Kevin Warsh, handpicked by U.S. President Trump to succeed Fed Chair Powell, is brewing a series of ambitious reform plans: institutional transformation, lower policy rates, a new approach to tackling inflation, a significantly reduced balance sheet, an independent Federal Reserve, a more focused mandate, enhanced coordination with the U.S. Treasury, and a reduction in the "cacophony" from the Fed's 19 policymakers.

As San Francisco Fed President Daly said last Friday, "He will certainly come in with his own set of ideas and a blueprint. But ultimately, the actual path of the economy will determine what we really need to address, and that is the path every Fed chair, every policymaker, and all staff have walked."

At Tuesday's confirmation hearing for Warsh, lawmakers are sure to bombard him with questions about these reform proposals.

The following are excerpts from his previous remarks on these topics:

Institutional Transformation

On July 17, 2025, in an interview with CNBC, Warsh said, "The overall operation of monetary policy has been broken for quite some time. The central bank standing there today is fundamentally different from the one I joined in 2006."

"I don't think we need the kind of 'policy continuity' that led to the biggest macroeconomic policy mistake in 45 years, tore the country apart, and triggered runaway inflation. When a central bank loses credibility, that continuity is meaningless... We need a thorough institutional transformation at the Federal Reserve."

Lower Interest Rates

On interest rates, on July 8, 2025, Warsh said in an interview on Fox Business, "Interest rates should have been lower."

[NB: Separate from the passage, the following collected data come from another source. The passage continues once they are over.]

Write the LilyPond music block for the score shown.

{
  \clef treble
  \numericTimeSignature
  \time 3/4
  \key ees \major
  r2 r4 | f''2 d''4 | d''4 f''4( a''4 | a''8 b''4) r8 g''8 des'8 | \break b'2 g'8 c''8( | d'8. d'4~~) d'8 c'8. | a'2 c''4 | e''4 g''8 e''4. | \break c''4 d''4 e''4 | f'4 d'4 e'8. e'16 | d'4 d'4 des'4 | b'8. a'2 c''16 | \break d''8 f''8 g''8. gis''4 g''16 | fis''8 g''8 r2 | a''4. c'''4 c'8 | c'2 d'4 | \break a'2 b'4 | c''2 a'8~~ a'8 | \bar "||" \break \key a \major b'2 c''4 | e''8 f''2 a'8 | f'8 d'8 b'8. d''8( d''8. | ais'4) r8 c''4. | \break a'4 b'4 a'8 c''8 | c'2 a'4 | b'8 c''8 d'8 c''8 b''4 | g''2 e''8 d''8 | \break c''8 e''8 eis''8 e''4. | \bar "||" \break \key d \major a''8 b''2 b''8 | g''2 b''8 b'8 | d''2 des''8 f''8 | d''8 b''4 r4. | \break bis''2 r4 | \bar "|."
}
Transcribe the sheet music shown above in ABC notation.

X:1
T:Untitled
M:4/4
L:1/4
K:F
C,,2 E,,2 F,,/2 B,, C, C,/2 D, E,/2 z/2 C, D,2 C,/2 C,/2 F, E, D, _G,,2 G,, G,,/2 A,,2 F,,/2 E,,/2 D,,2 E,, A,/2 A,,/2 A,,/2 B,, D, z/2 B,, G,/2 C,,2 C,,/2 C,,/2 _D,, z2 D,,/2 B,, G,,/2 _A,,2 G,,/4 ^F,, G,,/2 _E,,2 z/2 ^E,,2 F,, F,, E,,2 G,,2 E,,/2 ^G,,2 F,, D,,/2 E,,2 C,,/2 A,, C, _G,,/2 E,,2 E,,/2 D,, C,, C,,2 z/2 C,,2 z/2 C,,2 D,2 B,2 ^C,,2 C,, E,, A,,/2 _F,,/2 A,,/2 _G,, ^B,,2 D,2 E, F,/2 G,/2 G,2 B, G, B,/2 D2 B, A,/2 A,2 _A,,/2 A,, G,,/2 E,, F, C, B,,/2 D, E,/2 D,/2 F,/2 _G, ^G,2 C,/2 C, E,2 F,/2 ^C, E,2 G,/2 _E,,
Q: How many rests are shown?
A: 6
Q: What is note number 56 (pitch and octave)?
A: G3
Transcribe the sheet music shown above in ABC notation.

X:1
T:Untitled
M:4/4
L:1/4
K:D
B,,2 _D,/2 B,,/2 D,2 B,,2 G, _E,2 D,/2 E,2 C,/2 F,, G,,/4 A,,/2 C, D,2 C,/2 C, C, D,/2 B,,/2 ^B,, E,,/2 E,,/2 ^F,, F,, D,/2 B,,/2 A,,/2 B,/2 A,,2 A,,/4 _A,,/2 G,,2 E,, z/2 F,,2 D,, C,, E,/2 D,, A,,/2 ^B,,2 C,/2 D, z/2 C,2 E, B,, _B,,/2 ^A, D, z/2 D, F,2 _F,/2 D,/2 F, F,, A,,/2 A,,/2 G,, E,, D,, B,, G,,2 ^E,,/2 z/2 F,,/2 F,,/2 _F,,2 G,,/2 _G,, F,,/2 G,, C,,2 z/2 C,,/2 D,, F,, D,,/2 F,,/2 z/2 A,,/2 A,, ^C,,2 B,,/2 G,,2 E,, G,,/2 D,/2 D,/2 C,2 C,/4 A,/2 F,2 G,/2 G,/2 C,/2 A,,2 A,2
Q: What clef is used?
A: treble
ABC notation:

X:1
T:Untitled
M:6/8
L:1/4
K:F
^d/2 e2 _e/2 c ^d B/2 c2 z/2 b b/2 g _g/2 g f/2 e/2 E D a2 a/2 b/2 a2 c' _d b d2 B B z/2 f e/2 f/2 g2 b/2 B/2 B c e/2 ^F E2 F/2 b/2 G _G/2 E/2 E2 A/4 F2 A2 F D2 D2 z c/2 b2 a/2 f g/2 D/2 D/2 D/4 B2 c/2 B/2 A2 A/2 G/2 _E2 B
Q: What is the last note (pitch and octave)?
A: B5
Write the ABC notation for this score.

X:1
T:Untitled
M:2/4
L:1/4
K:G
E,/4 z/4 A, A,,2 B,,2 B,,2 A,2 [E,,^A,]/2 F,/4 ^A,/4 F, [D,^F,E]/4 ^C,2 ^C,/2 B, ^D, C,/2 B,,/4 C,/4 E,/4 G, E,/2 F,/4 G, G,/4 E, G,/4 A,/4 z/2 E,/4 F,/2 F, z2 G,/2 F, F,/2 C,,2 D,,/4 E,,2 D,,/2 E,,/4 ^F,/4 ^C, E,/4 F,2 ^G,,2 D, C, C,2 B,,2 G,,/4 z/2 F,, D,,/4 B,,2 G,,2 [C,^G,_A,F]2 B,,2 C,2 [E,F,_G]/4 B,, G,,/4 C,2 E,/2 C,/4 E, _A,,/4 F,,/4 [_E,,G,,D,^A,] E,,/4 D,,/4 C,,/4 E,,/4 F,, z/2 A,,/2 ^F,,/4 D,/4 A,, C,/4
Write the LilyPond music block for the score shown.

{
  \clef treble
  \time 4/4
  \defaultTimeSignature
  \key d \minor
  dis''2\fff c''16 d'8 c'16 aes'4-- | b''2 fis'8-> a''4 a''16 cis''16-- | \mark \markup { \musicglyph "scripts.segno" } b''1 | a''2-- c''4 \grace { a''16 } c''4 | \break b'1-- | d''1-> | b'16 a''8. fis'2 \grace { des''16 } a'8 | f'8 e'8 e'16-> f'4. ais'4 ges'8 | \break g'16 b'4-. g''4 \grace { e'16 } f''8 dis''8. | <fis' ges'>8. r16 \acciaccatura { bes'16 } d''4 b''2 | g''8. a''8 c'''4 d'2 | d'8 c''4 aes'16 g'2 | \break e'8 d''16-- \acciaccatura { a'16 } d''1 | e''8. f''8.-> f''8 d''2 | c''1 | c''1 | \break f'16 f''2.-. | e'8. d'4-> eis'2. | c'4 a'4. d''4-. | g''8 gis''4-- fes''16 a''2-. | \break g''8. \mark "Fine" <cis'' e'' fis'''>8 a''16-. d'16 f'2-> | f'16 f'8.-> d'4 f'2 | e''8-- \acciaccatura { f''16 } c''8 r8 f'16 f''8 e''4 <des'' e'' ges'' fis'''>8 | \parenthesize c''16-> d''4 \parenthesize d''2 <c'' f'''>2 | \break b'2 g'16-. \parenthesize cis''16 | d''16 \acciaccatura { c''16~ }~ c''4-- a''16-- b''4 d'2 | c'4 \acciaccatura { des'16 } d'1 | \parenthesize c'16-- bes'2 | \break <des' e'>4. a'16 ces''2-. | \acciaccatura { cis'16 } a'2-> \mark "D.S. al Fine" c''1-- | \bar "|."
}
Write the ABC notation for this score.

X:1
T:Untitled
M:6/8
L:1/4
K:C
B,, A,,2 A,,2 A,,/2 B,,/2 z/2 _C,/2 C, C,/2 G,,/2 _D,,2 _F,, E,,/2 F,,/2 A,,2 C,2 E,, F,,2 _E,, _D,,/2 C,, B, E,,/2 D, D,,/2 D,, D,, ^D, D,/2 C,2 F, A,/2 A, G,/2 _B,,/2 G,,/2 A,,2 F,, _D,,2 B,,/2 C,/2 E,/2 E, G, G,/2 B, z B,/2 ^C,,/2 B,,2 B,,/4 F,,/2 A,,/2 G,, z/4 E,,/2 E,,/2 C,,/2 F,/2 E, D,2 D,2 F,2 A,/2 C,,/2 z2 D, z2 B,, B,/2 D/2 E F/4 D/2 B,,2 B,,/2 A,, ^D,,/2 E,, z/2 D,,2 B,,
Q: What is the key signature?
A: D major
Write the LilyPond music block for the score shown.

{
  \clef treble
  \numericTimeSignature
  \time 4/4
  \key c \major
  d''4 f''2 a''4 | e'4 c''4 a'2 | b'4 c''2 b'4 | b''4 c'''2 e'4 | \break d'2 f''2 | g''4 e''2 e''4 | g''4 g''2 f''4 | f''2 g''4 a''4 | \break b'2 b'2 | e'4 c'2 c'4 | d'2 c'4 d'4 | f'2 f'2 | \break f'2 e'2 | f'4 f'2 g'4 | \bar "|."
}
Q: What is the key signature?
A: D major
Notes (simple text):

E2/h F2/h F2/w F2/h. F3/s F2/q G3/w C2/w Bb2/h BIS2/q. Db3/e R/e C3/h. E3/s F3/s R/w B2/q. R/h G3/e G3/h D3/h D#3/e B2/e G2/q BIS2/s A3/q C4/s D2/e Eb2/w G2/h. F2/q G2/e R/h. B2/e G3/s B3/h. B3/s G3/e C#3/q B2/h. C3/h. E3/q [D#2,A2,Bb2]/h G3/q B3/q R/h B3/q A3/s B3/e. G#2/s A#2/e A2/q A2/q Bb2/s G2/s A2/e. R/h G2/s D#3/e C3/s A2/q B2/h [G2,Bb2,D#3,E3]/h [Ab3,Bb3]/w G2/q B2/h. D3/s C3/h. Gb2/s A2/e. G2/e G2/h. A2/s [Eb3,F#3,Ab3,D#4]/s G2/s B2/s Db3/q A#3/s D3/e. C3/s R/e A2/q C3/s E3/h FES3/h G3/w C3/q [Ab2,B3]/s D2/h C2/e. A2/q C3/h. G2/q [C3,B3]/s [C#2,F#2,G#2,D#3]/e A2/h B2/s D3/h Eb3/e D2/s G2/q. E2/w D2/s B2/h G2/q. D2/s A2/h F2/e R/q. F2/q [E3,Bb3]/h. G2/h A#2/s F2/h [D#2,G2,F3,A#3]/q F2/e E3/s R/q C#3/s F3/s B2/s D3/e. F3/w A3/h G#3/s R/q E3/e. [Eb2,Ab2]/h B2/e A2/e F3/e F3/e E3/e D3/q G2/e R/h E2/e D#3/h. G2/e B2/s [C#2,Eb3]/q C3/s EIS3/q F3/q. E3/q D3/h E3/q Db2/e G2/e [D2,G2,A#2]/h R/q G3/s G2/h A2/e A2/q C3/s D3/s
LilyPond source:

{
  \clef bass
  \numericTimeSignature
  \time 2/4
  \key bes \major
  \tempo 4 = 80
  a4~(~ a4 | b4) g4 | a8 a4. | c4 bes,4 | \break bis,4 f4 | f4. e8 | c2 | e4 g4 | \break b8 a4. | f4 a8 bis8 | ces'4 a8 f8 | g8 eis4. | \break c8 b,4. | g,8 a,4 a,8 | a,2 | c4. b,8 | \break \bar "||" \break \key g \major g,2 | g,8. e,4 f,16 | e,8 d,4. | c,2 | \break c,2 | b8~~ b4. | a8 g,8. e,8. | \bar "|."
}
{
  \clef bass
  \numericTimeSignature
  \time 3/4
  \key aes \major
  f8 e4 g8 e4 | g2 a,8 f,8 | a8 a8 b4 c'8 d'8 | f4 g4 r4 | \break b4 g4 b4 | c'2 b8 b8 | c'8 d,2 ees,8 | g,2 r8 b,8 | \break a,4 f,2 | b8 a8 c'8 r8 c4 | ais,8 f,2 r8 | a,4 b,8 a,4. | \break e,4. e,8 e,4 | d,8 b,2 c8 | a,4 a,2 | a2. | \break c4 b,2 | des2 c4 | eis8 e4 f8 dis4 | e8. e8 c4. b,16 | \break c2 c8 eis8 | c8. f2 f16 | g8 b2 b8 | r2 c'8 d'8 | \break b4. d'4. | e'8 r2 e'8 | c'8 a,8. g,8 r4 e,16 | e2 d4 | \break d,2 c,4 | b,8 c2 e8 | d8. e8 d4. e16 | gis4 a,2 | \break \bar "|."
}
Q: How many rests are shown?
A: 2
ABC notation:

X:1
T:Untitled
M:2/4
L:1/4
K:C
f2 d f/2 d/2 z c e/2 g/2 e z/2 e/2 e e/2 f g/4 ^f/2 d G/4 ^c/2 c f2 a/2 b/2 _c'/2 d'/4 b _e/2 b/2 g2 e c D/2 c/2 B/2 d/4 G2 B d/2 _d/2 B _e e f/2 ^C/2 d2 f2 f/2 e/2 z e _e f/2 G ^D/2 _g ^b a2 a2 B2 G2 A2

In November of the same year, he wrote in a Wall Street Journal op-ed, "The Fed's bloated balance sheet, originally designed to bail out large corporations during past crises, can be significantly downsized."

"The vast space freed up could be translated into lower interest rates, truly benefiting households and small and medium-sized businesses."

Inflation

On inflation, Warsh said in an IMF speech on April 25, 2025, "The cognitive fallacies that led to this great inflation stemmed from a mix of: the central bank naively believing its price stability goal could be achieved automatically... believing those large, black-box DSGE models were actually grounded in reality... believing monetary policy had nothing to do with the money supply... believing the central bank was a powerless bystander in the face of forces beyond its control..."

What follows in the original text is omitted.